Dena Bank, Mumbai-based public sector lender, has posted 55.19 per cent drop in the net profit at Rs 107.38 crore for the second quarter ended September 30, on sharp rise in provisions for stressed assets.
The net profit for the second quarter of 2012-13 stood at Rs 239.64 crore. The net interest income for the quarter rose by just 4.7 per cent to Rs 625.17 crore.
The provisions, excluding tax and contingencies, for the quarter more than tripled to Rs 335.19 crore from Rs 104.5 crore in July-September 2013.
The asset quality deteriorated with net slippages of Rs 210 crore in the reporting quarter. The tally of gross non-performing assets rose to Rs 1,968 crore (three per cent of assets) from Rs 1,757 crore (2.7 per cent) at end of June 2013.
Ashwani Kumar, chairman and managing director, said the bank has initiated close monitoring of borrowal accounts to prevent slippages. At present, the bank is monitoring all accounts above Rs 10 crore on daily basis.
Its deposits were up by 12.11 per cent to Rs 93,669 crore as on September 30, while advances increased 10.54 per cent to Rs 65,664 crore.
Dena Bank is targeting credit growth of 17 per cent and deposit growth of 14 -15 per cent. It expects to maintain net interest margin (NIM) in the range of 2.75-3 per cent for FY14, he said.
Its capital adequacy under Basel III norms stood at 10.21 per cent at end of September 2013.
UBI incurs loss of Rs 489.5 cr
State-run lender United Bank of India (UBI) on Saturday said it incurred a loss of Rs 489.5 crore for the quarter ended September 30, as provisions almost quadrupled on account severe deterioration in asset quality.
The bank had earned a profit of Rs 144.6 crore in the corresponding period of last year. Provisions and contingencies increased to Rs 987.4 crore in July-September period from Rs 258.6 crore a year earlier. This was primarily on account of increase in bad loans. Gross non-performing assets (NPAs) increased sequentially by Rs 2,284 crore.
The gross bad loan ratio deteriorated sharply by 364 basis points year-on-year, to 7.52 per cent at the end of September.
The net NPA ratio also increased to 5.39 per cent at the end of the second quarter from 1.95 per cent in the corresponding period of last year. The bank now has one of the worst non-performing asset ratios in the industry.

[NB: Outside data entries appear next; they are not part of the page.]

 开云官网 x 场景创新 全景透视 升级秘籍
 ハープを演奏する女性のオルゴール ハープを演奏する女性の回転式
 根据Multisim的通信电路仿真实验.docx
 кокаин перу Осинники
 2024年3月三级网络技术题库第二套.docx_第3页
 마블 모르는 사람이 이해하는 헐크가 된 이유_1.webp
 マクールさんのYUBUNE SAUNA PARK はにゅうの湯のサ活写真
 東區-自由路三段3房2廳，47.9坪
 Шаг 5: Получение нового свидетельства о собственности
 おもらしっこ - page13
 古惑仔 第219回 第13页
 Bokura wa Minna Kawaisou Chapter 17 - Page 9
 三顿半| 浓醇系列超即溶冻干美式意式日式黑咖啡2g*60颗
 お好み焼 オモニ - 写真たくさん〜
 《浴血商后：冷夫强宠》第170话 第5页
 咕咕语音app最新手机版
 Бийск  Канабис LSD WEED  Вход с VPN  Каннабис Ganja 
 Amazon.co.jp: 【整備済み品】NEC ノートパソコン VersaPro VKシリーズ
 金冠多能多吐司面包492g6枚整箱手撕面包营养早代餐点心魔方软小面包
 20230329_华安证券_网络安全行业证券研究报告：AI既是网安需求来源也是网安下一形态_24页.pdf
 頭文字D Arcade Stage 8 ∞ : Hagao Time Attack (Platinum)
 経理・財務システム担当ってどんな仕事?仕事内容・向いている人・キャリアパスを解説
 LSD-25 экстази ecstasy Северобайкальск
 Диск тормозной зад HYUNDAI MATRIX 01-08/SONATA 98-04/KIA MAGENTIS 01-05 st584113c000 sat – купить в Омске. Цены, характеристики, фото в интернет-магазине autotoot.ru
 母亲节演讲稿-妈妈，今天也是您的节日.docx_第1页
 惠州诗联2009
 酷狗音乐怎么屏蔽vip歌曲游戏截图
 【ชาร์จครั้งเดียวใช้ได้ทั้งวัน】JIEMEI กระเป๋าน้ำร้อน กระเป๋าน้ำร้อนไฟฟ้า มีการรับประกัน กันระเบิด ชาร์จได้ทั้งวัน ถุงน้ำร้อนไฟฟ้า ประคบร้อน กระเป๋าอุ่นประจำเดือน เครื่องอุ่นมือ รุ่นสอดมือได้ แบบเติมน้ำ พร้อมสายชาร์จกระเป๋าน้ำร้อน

Net interest income, or the difference between interest income and interest expense, fell by almost 15 per cent from a year ago to Rs 516.7 crore in July-September period.
J&K Bank net up 12.3%
Jammu & Kashmir (J&K) Bank on Saturday said its net profit for the quarter ended September 30 increased by 12.3 per cent from a year earlier to Rs 302.7 crore, as it earned more interest income, improved its margin and kept asset quality stable.
Net interest income, or the difference between interest income and interest expense, grew by 23.4 per cent from a year ago to Rs 681.8 crore during the three-month period. Net interest margin improved 39 basis points year-on-year to 4.33 per cent at the end of the second quarter on account of better liability management.
“Despite stressed economy, we feel confident by our results. Going by the current industry scenario, we have performed really well. Our focus for the last two quarters has primarily been driven by twin objectives of sustaining growth and maintaining a quality asset book. So far, we have pulled it through,” Mushtaq Ahmad, chairman and chief executive officer of J&K Bank, said in his post-earnings comments.
The gross non-performing asset (NPA) ratio was 1.69 per cent, while the net bad loan ratio was 0.19 per cent for July-September period. The non-performing asset (NPA) coverage ratio was 92.06 per cent at the end of the quarter.
“This year, we have already opened five business units in Bangalore, Delhi and Hyderabad. We are prospectively looking at opening 15 more such units this fiscal in Maharashtra, Kerala, Karnataka and Delhi. Our corporate loan book outside the state shall grow, though on a very selective basis,” Ahmad said.
On Friday, J&K Bank shares ended at Rs 1,293 on the National Stock Exchange (NSE), up 1.2 per cent from previous close.
“At the current market price, the stock is trading at a higher end compared to peers, which factors in its better asset quality performance vis-a-vis peers even in a challenging macro economic environment. Hence, we maintain our neutral recommendation on the stock,” Vaibhav Agrawal, vice-president for research - banking at Angel Broking, said in a note to clients.